Using RequireJS with legacy code

2019-05-07 23:40发布

问题:

I'm working with a very large project that uses:

  1. Legacy JSP pages that includes javascript files with script tags
  2. Backbone models and views that uses other javascript modules without RequireJS

We now want to start using RequireJS with jQuery, BackboneJS and UnderscoreJS for everything we develop from now on, but we don't have the resources to rewrite all the legacy JSP pages. We may have time to rewrite the Backbone models and views we have already developed.

The problem is that for our legacy code (both 1 and 2 above) we include all our javascript files in a huge file and ship to the browsers.
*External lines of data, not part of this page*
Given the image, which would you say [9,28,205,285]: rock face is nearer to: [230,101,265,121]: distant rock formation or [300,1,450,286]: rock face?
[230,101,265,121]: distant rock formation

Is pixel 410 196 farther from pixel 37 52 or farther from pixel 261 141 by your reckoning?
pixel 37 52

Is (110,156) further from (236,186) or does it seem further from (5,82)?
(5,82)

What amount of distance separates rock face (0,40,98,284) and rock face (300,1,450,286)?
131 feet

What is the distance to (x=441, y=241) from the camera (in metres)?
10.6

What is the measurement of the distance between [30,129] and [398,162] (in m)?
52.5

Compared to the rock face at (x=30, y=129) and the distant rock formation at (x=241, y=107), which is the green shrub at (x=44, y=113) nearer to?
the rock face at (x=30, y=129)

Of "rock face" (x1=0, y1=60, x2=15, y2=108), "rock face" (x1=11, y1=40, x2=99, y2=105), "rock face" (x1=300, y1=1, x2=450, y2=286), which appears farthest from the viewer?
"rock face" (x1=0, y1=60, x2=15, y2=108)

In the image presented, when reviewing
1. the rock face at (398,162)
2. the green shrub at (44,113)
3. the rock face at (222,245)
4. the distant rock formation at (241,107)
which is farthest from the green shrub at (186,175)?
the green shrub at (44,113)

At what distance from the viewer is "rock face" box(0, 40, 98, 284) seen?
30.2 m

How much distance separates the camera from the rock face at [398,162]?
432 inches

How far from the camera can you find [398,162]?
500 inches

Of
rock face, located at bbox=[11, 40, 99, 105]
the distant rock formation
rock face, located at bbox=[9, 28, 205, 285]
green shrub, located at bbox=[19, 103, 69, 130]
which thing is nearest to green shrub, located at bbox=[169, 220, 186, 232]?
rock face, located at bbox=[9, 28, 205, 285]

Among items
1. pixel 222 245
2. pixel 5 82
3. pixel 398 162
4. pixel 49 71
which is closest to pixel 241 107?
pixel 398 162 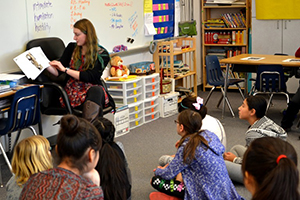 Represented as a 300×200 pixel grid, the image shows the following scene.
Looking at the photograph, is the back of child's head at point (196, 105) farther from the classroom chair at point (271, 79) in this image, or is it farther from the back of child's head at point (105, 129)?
the classroom chair at point (271, 79)

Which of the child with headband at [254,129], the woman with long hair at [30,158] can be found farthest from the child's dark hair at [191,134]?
the woman with long hair at [30,158]

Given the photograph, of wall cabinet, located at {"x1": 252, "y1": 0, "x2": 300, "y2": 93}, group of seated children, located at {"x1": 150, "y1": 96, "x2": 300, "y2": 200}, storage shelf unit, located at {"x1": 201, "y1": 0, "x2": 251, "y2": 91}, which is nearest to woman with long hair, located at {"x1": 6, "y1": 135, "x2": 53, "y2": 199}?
group of seated children, located at {"x1": 150, "y1": 96, "x2": 300, "y2": 200}

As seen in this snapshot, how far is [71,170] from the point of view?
5.49 feet

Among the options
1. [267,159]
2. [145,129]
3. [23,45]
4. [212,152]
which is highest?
[23,45]

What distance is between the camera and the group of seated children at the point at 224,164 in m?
1.39

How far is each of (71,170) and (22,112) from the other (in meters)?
2.05

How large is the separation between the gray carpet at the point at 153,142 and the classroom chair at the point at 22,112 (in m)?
0.47

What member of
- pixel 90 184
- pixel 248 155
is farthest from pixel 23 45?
pixel 248 155

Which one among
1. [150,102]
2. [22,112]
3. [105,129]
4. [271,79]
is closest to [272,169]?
[105,129]

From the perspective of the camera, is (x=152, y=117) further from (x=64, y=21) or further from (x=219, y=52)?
(x=219, y=52)

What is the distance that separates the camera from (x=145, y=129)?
528cm

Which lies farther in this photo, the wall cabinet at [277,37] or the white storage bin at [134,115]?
the wall cabinet at [277,37]

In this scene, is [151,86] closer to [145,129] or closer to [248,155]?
[145,129]

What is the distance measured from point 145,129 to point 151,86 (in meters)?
0.64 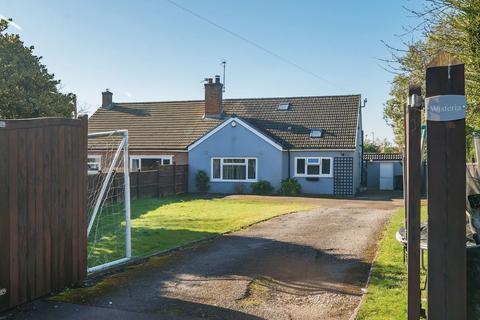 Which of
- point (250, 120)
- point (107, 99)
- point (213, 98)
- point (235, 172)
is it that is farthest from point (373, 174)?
point (107, 99)

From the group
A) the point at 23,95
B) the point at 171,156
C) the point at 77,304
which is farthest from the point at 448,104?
the point at 171,156

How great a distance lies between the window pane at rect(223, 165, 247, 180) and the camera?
93.7ft

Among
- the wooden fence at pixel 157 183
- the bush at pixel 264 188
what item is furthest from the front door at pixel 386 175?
the wooden fence at pixel 157 183

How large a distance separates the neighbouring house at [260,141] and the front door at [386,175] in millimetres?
1562

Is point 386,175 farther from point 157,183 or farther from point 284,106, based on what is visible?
point 157,183

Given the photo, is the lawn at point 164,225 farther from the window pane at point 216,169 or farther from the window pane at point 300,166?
A: the window pane at point 300,166

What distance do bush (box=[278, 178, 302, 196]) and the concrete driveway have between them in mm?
15559

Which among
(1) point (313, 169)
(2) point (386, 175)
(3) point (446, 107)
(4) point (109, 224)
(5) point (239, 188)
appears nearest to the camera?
(3) point (446, 107)

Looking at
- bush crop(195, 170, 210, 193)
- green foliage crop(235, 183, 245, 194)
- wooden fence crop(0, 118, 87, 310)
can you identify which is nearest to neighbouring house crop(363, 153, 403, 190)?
green foliage crop(235, 183, 245, 194)

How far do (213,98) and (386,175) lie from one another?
41.3 feet

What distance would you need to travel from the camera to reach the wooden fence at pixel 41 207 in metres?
5.76

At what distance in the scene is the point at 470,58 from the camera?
244 inches

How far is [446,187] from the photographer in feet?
11.4

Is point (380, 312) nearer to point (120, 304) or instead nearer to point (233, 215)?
point (120, 304) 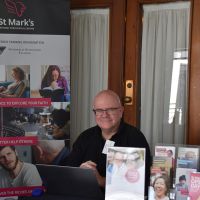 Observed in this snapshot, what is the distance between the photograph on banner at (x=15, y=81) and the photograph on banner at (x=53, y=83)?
2.5 inches

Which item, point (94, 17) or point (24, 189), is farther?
point (94, 17)

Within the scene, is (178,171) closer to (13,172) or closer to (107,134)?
(107,134)

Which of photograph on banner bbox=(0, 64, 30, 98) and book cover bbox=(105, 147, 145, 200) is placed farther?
photograph on banner bbox=(0, 64, 30, 98)

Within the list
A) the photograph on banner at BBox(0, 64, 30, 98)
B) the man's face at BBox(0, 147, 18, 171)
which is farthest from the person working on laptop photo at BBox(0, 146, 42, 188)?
the photograph on banner at BBox(0, 64, 30, 98)

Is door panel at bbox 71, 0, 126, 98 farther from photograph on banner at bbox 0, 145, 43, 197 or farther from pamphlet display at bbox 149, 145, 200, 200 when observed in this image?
pamphlet display at bbox 149, 145, 200, 200

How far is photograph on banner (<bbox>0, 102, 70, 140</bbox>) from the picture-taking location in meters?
2.96

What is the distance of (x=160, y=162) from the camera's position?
59.2 inches

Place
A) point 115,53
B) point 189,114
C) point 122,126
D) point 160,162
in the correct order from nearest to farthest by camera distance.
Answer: point 160,162 → point 122,126 → point 189,114 → point 115,53

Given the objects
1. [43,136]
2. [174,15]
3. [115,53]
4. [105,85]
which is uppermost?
[174,15]

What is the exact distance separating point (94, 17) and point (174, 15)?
77cm

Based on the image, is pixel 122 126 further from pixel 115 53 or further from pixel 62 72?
pixel 115 53

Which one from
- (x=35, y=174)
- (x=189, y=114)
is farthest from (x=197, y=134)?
(x=35, y=174)

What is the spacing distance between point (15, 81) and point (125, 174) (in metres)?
1.77

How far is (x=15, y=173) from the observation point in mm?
2949
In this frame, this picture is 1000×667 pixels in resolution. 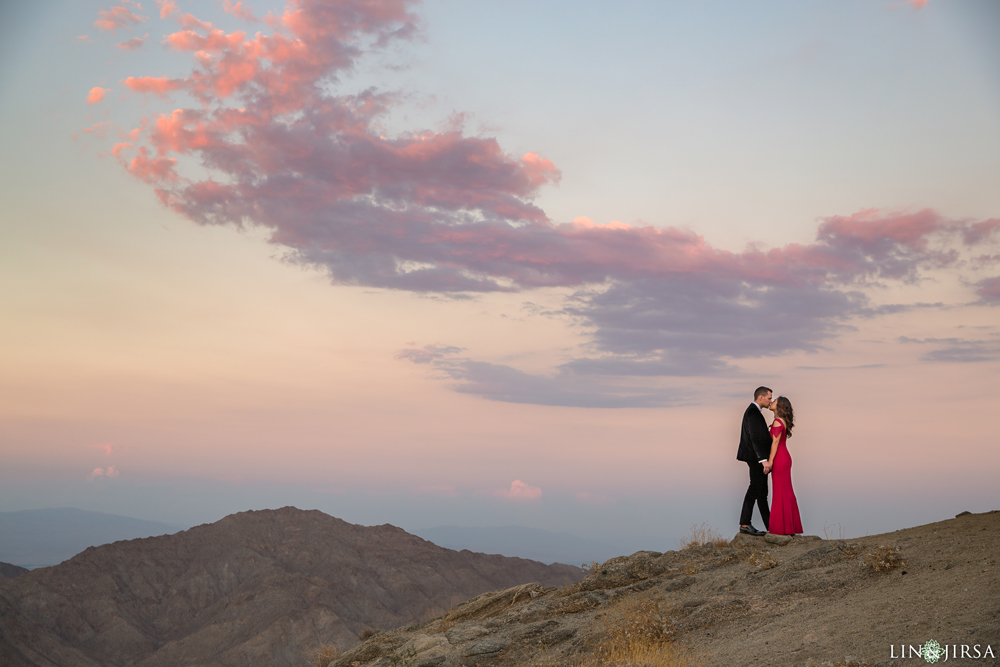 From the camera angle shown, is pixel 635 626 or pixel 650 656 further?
pixel 635 626

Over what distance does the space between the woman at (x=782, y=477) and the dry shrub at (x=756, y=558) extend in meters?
0.92

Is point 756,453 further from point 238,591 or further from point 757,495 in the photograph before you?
point 238,591

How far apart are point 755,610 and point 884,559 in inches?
81.9

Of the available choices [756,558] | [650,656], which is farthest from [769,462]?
[650,656]

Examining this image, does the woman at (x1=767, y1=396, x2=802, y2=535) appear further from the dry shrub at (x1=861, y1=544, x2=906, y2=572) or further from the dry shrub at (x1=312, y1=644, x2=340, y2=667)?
the dry shrub at (x1=312, y1=644, x2=340, y2=667)

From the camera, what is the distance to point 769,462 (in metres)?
14.3

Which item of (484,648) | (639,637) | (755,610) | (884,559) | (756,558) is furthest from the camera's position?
(756,558)

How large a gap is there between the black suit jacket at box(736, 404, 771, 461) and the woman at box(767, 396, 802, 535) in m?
0.15

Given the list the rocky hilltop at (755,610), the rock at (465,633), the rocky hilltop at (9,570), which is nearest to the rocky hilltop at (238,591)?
the rocky hilltop at (9,570)

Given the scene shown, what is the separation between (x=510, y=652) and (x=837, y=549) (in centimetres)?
576

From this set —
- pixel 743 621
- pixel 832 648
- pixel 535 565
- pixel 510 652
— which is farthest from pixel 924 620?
pixel 535 565

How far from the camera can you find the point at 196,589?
93.6 m

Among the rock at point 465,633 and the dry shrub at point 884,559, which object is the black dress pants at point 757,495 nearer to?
the dry shrub at point 884,559

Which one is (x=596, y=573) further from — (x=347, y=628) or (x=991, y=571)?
(x=347, y=628) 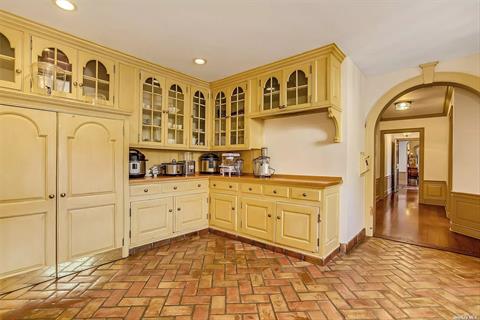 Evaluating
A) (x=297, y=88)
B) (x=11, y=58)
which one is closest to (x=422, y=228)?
(x=297, y=88)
This huge file must be able to co-exist with our new RequireJS templates, but how can I e.g. separate certain parts of the huge file, so I can use them with the templates using RequireJS? Without having to rewrite all pages that uses this part of the file, or having duplicate code.

Thanks!

回答1:

I don't know if I fully grasp the problem at hand, but I think a the shim or map functions of RequireJS will help you out.

Extract the parts you want in a new module from your huge javascript file. Then tell RequireJS that your huge javascript file is a dependecy for this new module using shim. Something like:

requirejs.config({
    shim: {
        'new-module': {
            deps: ['huge-javascript-file'],
            exports: 'NewModule'
    }
});

Shim documentation: http://requirejs.org/docs/api.html#config-shim

The map function might be useful when only portions of your new code have to use your old huge file. Check out this documentation: http://requirejs.org/docs/api.html#config-map



回答2:

I don't think there is One True Way to achieve this, but I've approached a similar problem by defining module "facades" around the globally scoped code. Let's say your legacy scripts define a global variable called foo. You can define a AMD module and export that variable from it:

//foo.js
define(function() {
  return window.foo;
});

//bar.js
define(['foo'], function(foo) {
  //do something with foo
});

This way you only need to write a single-line facade every time you need to use a new piece of the existing, globally defined code, without breaking existing code which expects the same code to be globally defined. Over time you can move and refactor the actual implementation into the module without breaking consumer code.